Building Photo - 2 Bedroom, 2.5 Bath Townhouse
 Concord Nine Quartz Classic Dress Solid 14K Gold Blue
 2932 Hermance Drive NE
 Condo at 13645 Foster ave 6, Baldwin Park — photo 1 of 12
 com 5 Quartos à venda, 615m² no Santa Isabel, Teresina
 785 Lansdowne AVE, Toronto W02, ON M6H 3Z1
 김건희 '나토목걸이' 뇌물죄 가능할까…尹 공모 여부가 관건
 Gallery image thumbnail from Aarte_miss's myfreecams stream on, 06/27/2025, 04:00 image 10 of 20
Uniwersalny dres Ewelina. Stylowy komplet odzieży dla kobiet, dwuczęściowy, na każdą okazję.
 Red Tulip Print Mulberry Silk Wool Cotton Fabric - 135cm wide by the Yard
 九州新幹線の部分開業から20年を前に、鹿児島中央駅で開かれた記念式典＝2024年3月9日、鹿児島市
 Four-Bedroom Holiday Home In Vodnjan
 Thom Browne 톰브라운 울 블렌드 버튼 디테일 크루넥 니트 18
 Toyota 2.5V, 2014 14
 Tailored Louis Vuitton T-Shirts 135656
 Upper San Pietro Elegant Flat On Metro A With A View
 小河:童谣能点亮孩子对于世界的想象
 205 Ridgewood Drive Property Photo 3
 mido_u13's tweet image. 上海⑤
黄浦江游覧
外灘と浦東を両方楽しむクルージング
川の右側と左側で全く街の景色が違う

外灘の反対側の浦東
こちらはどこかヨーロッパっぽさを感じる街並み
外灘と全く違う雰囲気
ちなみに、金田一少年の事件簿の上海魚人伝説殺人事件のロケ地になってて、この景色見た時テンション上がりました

_EXERCISE REQUIREMENTS_
Only the lines from the one containing "Concord Nine Quartz" to the end of the listing belong in the output, each reproduced exactly.

_WRITTEN REPLY_
 Concord Nine Quartz Classic Dress Solid 14K Gold Blue
 2932 Hermance Drive NE
 Condo at 13645 Foster ave 6, Baldwin Park — photo 1 of 12
 com 5 Quartos à venda, 615m² no Santa Isabel, Teresina
 785 Lansdowne AVE, Toronto W02, ON M6H 3Z1
 김건희 '나토목걸이' 뇌물죄 가능할까…尹 공모 여부가 관건
 Gallery image thumbnail from Aarte_miss's myfreecams stream on, 06/27/2025, 04:00 image 10 of 20
Uniwersalny dres Ewelina. Stylowy komplet odzieży dla kobiet, dwuczęściowy, na każdą okazję.
 Red Tulip Print Mulberry Silk Wool Cotton Fabric - 135cm wide by the Yard
 九州新幹線の部分開業から20年を前に、鹿児島中央駅で開かれた記念式典＝2024年3月9日、鹿児島市
 Four-Bedroom Holiday Home In Vodnjan
 Thom Browne 톰브라운 울 블렌드 버튼 디테일 크루넥 니트 18
 Toyota 2.5V, 2014 14
 Tailored Louis Vuitton T-Shirts 135656
 Upper San Pietro Elegant Flat On Metro A With A View
 小河:童谣能点亮孩子对于世界的想象
 205 Ridgewood Drive Property Photo 3
 mido_u13's tweet image. 上海⑤
黄浦江游覧
外灘と浦東を両方楽しむクルージング
川の右側と左側で全く街の景色が違う

外灘の反対側の浦東
こちらはどこかヨーロッパっぽさを感じる街並み
外灘と全く違う雰囲気
ちなみに、金田一少年の事件簿の上海魚人伝説殺人事件のロケ地になってて、この景色見た時テンション上がりました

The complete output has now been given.